In July 2017 the Restraining Orders Act 1997 was amended to introduce the ‘Family Violence Restraining Order’. Largely in response to political pressure, the protections for potential victims have been significantly increased. As a result of fallout from the horrendous outcomes in the past in relation to Family Violence for which Rosie Batty has been a vocal campaigner, the protections for potential victims have been significantly increased.

Well, that is not strictly true. The protections themselves have not been increased. The main features of a restraining order remain unchanged. What has changed however is the criminal implications of a breach and the focus of this piece, the ease in which a litigant can get such an order.

The applicant must be able to demonstrate to the court that they have been a victim of family violence, and that they reasonably apprehend that they may be such a victim again in the future. The significance here is the definition of Family Violence.

The definition of Family Violence is intentionally broad. Many would be aware how many different forms coercive and controlling behavior can take. The definition of Family Violence appropriately included behavior such as assault and sexual assault, but is also so broad as to include behavior such as:

  1. Stalking and cyber stalking;
  2. Repeated derogatory remarks;
  3. Damaging or destroying property;
  4. Unreasonably denying financial autonomy;
  5. Preventing the member from making or keeping connections with family.

While all of these behaviors can and often are ways in which an individual exerts unreasonable control over their victim of family violence, some of these behaviours could exist to varying extents in far more innocent circumstances.

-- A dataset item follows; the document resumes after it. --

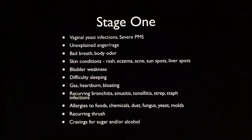Stage one symptoms include: vaginal yeast infections, severe PMS, unexplained anger and rage, bad breath, body odor, skin conditions like rash, eczema, acne, sunspots, liver spots, bladder weakness, difficulty sleeping, gas, heartburn, bloating, reoccurring bronchitis, sinusitis, tonsillitis, strep, staph infections, allergies to foods, chemicals, dust, fungus, yeast, molds, reoccurring thrush, and of course cravings for sugar and/or alcohol.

Established principles of domestic or family violence would suggest that these behaviours are usually an issue where the primary purpose is to control the victim.

So what is the problem? Parties can apply for the order ex parte (without the other party present) in the first instance. The rules of evidence are relaxed at this first event. Some of these behaviours above have often existed in some way or form at some point, often in both directions. When the applicant is experiencing a point of animosity toward an ex-partner, it is perhaps tempting in some situations to remember just the one side of the story.

What we (as legal professionals) have already seen in these first few months since the introduction of the amendments in July, is that there is an increase in these orders being granted, in comparison to the old Violence Restraining Order (VRO). This is leading to issues where children are being prevented from seeing one parent or the other.

What now? The Family Court of WA we would imagine would be experiencing a correlated increase in applications arising out of FVROs, let alone the Magistrates Court. We have had several matters where interim orders (to deal with the time while awaiting a final hearing) for time to be spent by phone between a party and child, or some other orders in relation to the children, are being made. These interim orders sound distinctly like Family Court Orders.
What we would suggest on a policy level, is that these FVROs should be obtained in the Family Court. We expect that this has been avoided because the Family Court of WA is already hugely under resourced. That said, we imagine that these orders will have a significant impact on the Family Court in any event, when all of these matters eventually migrate over so that children can spend time with their parents again.

The Restraining Orders Act does consider that contact with the children is relevant, but where behavior which fits into the broad definition of Family Violence has occurred, and there is no reason to suggest that it may not occur again, the court must make the restraining order unless there are special circumstances that would make the order inappropriate. The current position is that there are no such special circumstances.

Further issues- in some situations we have seen the family relationship definition does not go far enough. What happens when the new partner of an ex spouse starts stalking the applicant? This is not included as a family relationship, but the sibling of an ex spouse would be.

We have also seen the partner of a mentally impaired person has used this new order to exclude that mentally impaired person’s family, ironically being an act that could constitute family violence itself.

It is important to remember that a restraining order does not solve underlining issues, it is a band aid for the symptoms, not a cure. There should be an attempt to resolve endemic family issues where there is going to be an ongoing relationship due to the children. Restraining Orders play a vitally important role, however applicants and respondents should consider whether the fight belongs in the Magistrates Court or if is it really a Family Law Matter and should be brought before the Family Law Court.